The next team facing Rajasthan will not only plan for Vaibhav. They will plan for the version of Vaibhav who wants revenge against the Mohsin template.

The money behind the buzz

There is a business story here too, even if the scoreboard grabs attention first.

A 15-year-old opener becoming an IPL talking point changes the market around him. Sponsors notice. Broadcasters notice. Fans who do not follow every league match still stop scrolling.

For Rajasthan, this kind of player has sporting and commercial value. A young Indian star pulls attention in a way even overseas names cannot always match.

That attention can turn into ticket demand, social media growth, merchandise interest, and stronger brand recall. In simple terms, people remember the team with the fearless teenager.

But there is also a risk in all this noise. Young players can get packaged too quickly. Every innings becomes proof of greatness or weakness.

That is unfair, especially at 15. At that age, even great talent needs room to fail without a public trial.

Teams have a duty here. Rajasthan must protect the player while using his skill. That means managing workload, media pressure, and expectations.

For families watching from smaller towns, Vaibhav’s rise will feel thrilling. It tells young cricketers that the door can open early if talent meets opportunity.

But parents should also read the other side of the story. Talent gets you noticed.

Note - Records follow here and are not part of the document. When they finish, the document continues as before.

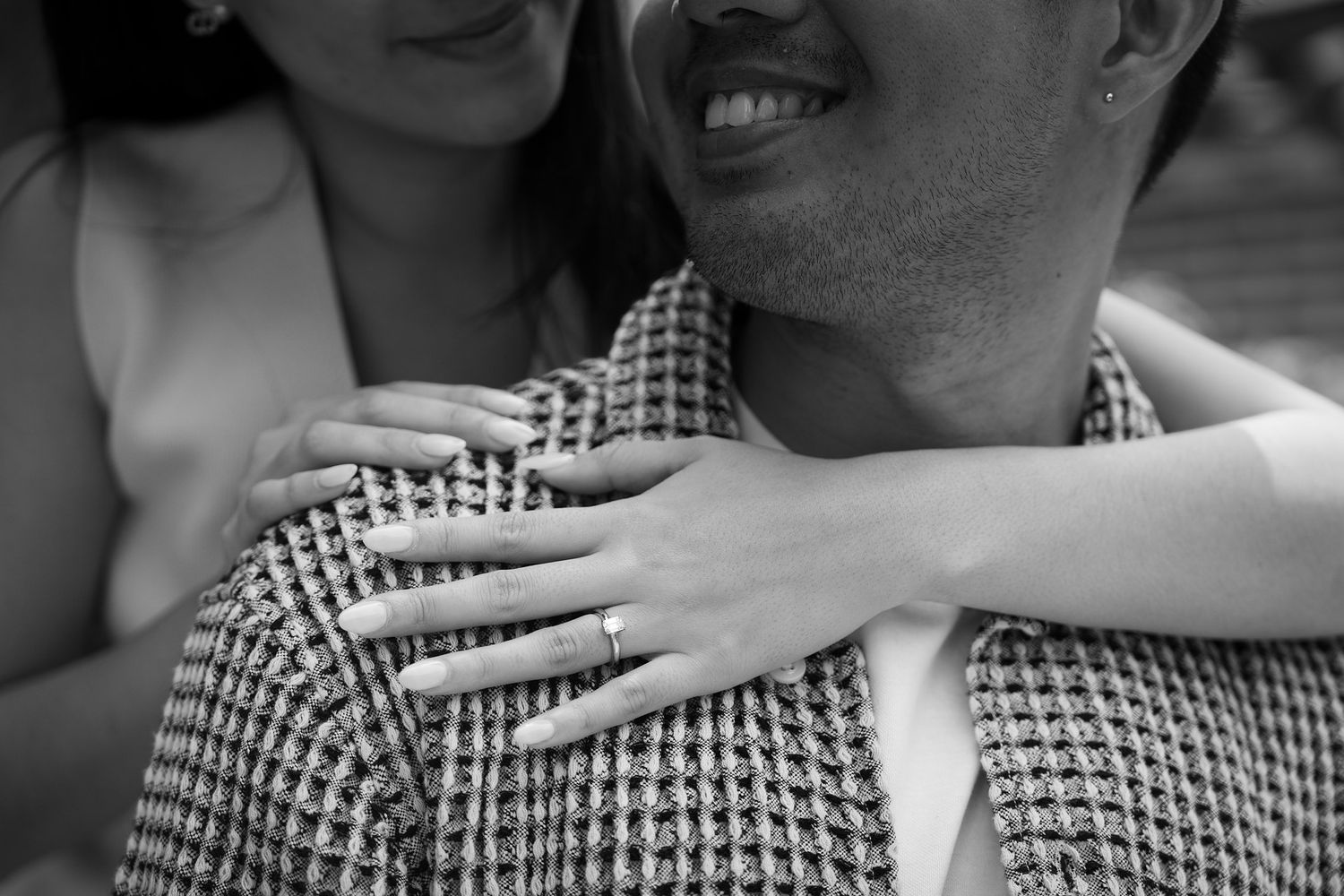 A sequence of black and white photos showing hands adjusting a checkered shirt collar.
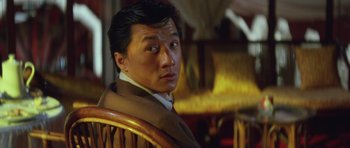 Movie still from “Miracles: The Canton Godfather” (1989), directed by Jackie Chan – A person sitting in a chair; Close Up shot, Over the shoulder angle
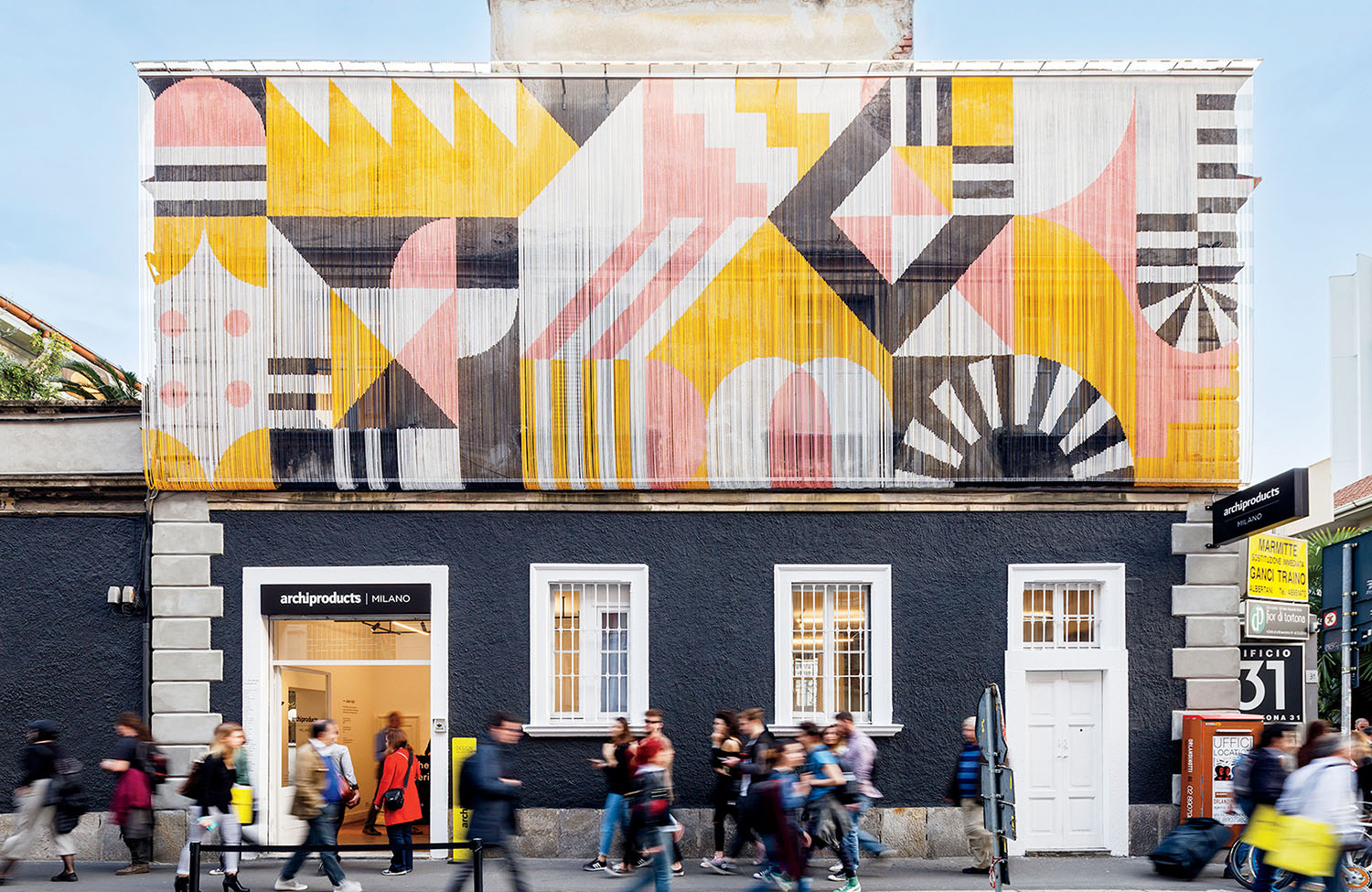 A building with a black lower facade and geometric mural in pink, yellow, and white on the upper facade. People walk by the entrance on a busy street.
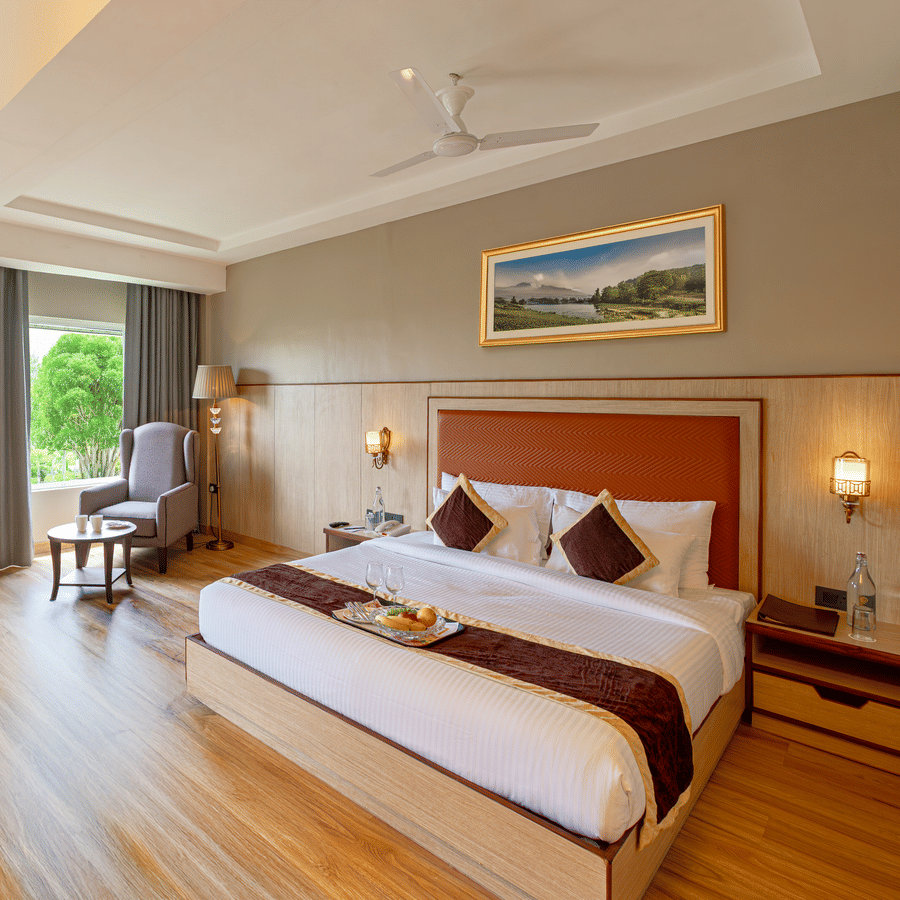 Elegant room at The Lalita Grand Mathura - Vrindavan with a king size bed, wooden flooring, large window views, and refined contemporary decor.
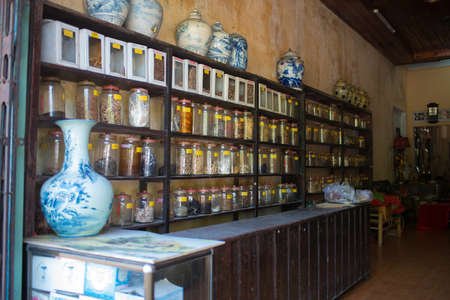 Hue, Vietnam; 08192015: Traditional pharmacy at Hue, Glass jars in a row on shelves. No people. Asia.のeditorial素材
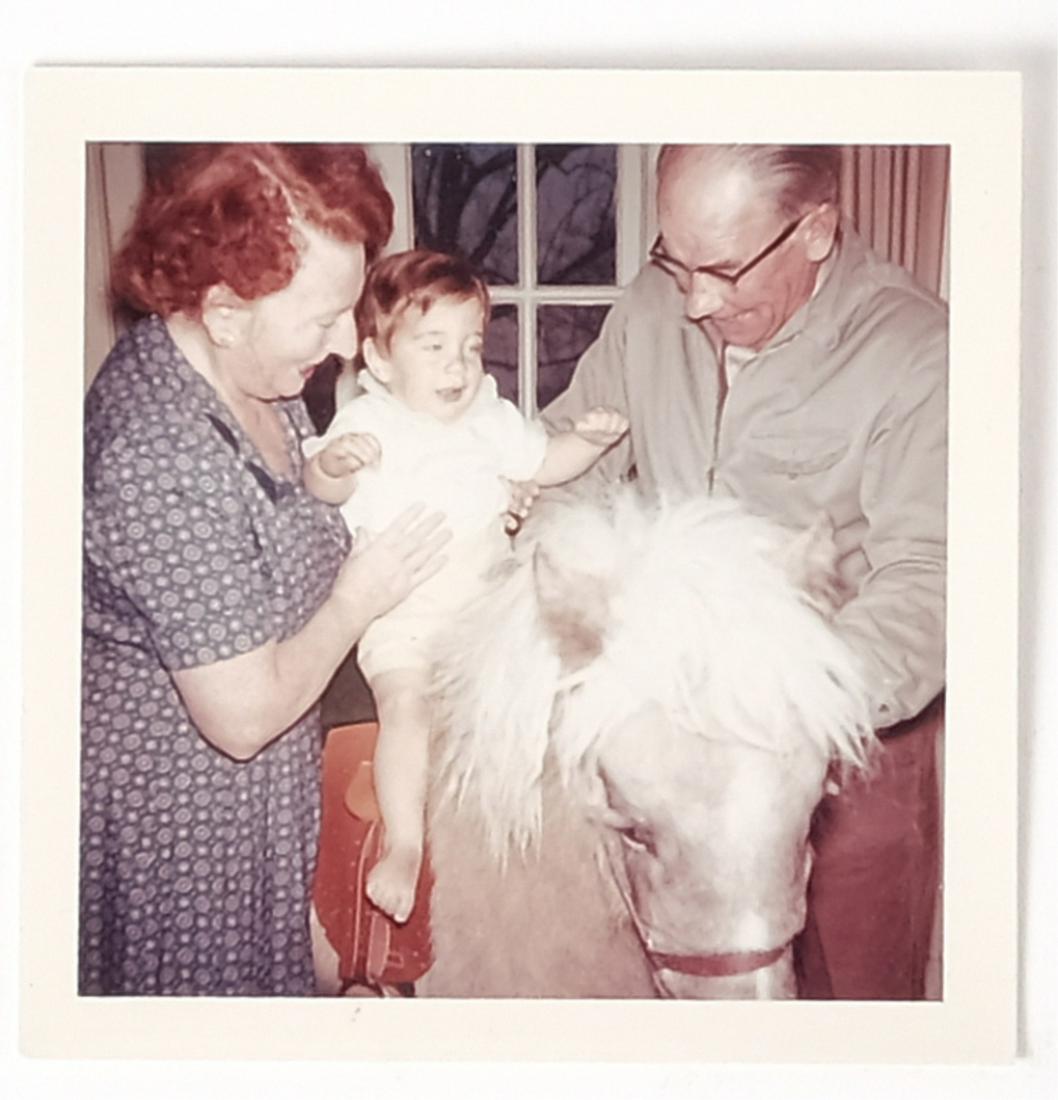 1961 JOHN JOHN on PONY inside HAMMERSMITH FARM: Somehow the pony appears to be in the house. John is with Maude Shaw (his nanny) and gentleman. 3 x 3 inch color unpublished photograph. Provenance: Hammersmith Farm, Newport, Rhode Island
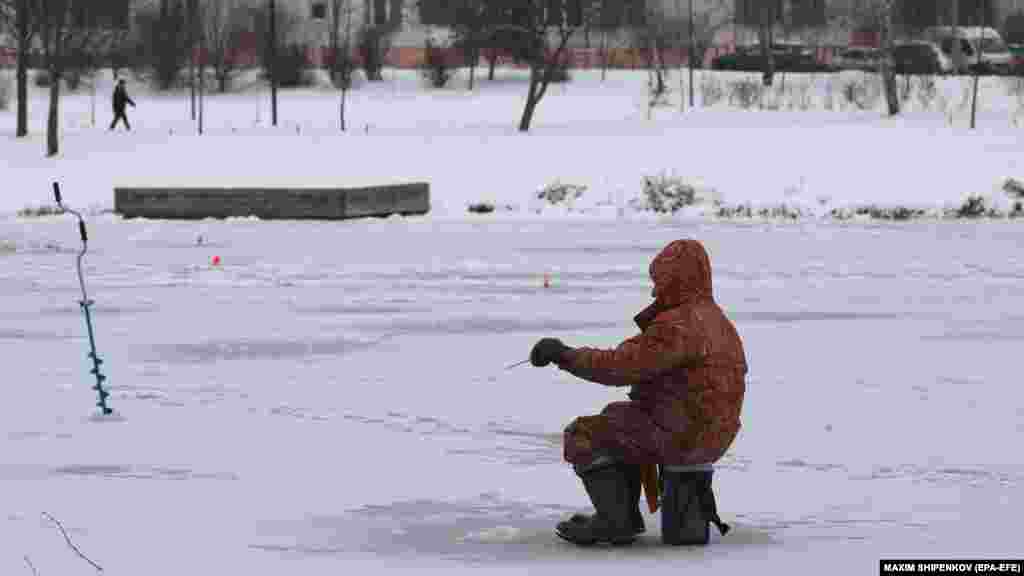 Muškarac lovi ribu u zaleđenom jezercu u stambenoj četvrti u Moskvi. 
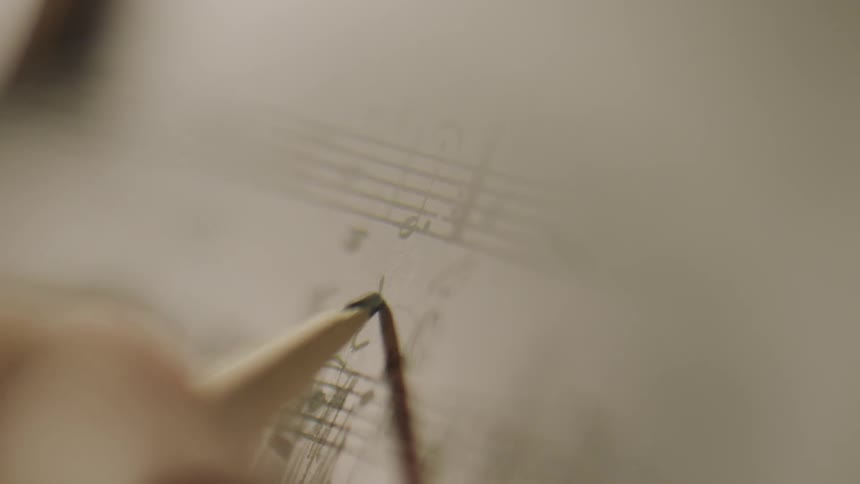 A person writes with a pencil on sheet music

Adjustment keeps you there.

A lesson for the league

Vaibhav has become this season’s most exciting young batting story because he plays without visible fear. That is his gift.

Mohsin has become the useful warning label on that story. Even the brightest hitter can be slowed by a clear plan and steady execution.

This is why cricket remains such a stubbornly beautiful business. A franchise can buy stars, hire analysts, and build global fan pages. Then one bowler with the right line can change the conversation.

The next phase will tell us more than the first rush did. If Vaibhav solves Mohsin, the hype will grow louder. If bowlers copy Mohsin well, the teenager will face his first serious professional exam.

For ordinary fans, that is the real joy. Not the branding, not the reels, not the auctions. Just a young batter learning quickly, and a bowler reminding him that the game always answers back.